#### Information shown
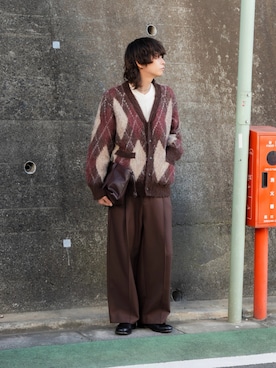 「アイテム（Tシャツ/カットソー）」を使った、わたべさん（メンズ・181cm）の冬コーディネート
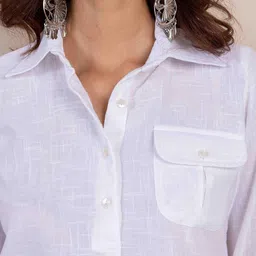 INAAYA JAIPUR Roll-Up Sleeves Cotton Top image 3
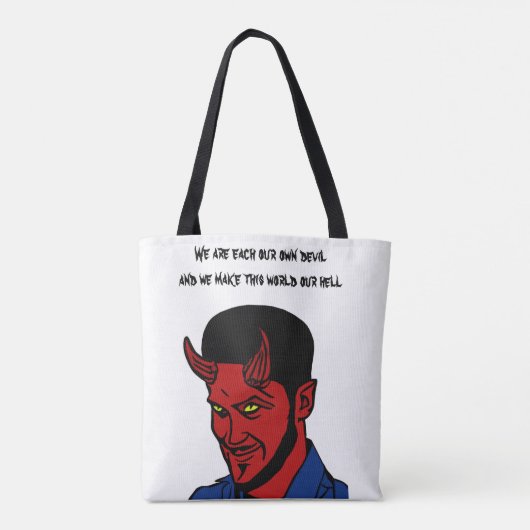 Red Devil Demon Man Lucifer Hell citeert Art Tote Bag (Achterkant)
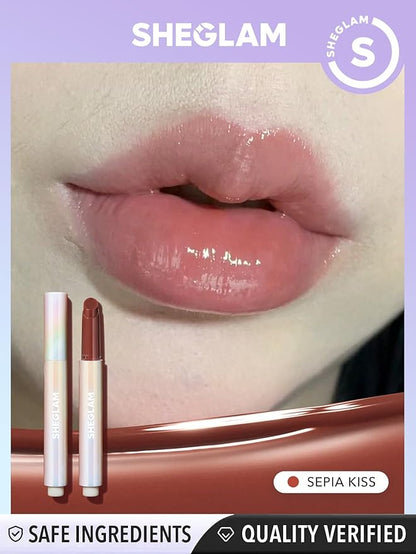 SHEGLAM PoutPerfect Moisturizing Solid Lip Gloss Non Sticky Lipstick with Coconut Oil - Sepia Kiss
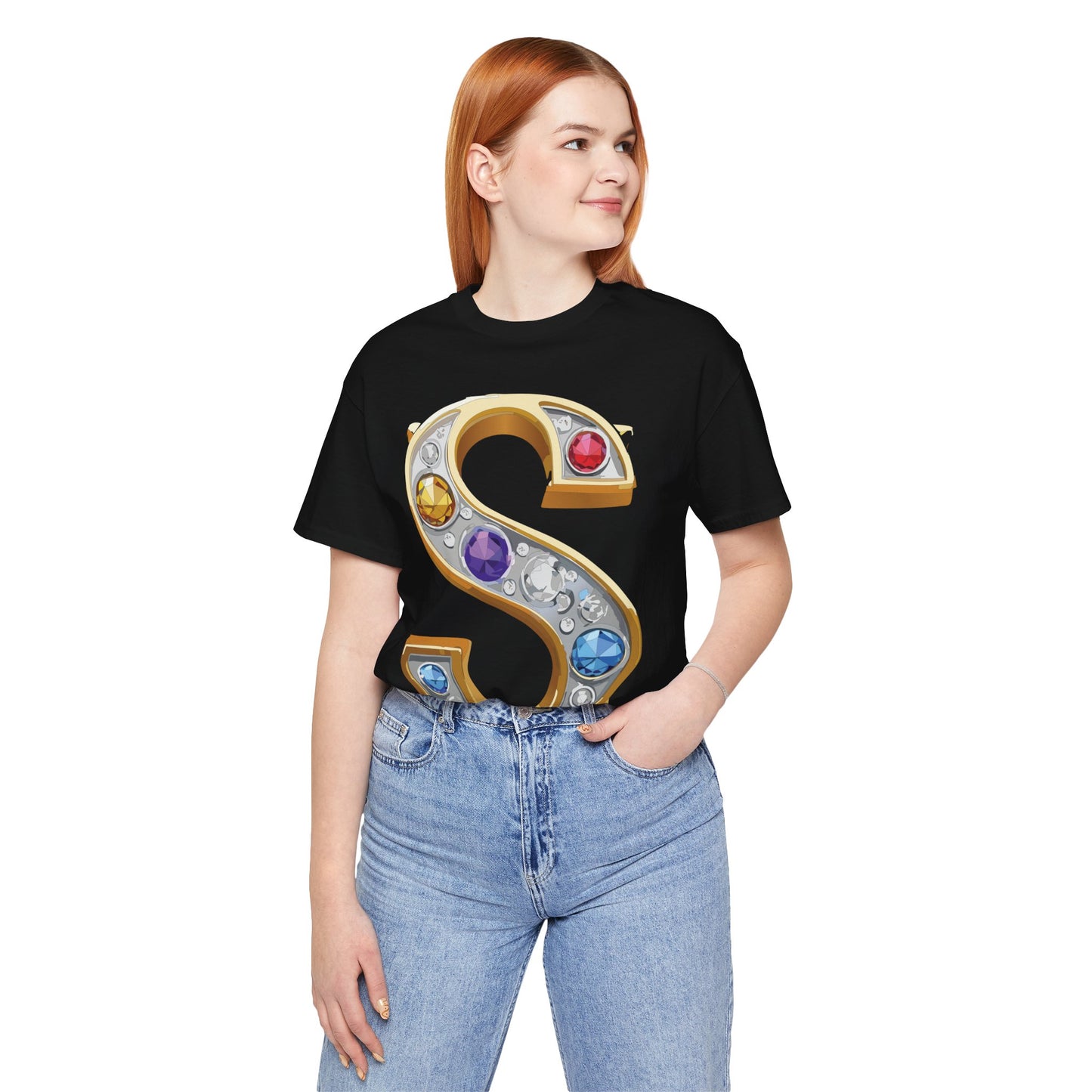 Letter Shirt, Shirt with Letters, Tee Shirt with Gold Letter, Shirt with Antique Letters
########
Work request:
Your response must consist of the material above, reproduced word for word, with the images omitted.

Response to this exercise:
 「アイテム（Tシャツ/カットソー）」を使った、わたべさん（メンズ・181cm）の冬コーディネート
 INAAYA JAIPUR Roll-Up Sleeves Cotton Top image 3
 Red Devil Demon Man Lucifer Hell citeert Art Tote Bag (Achterkant)
 SHEGLAM PoutPerfect Moisturizing Solid Lip Gloss Non Sticky Lipstick with Coconut Oil - Sepia Kiss
 Letter Shirt, Shirt with Letters, Tee Shirt with Gold Letter, Shirt with Antique Letters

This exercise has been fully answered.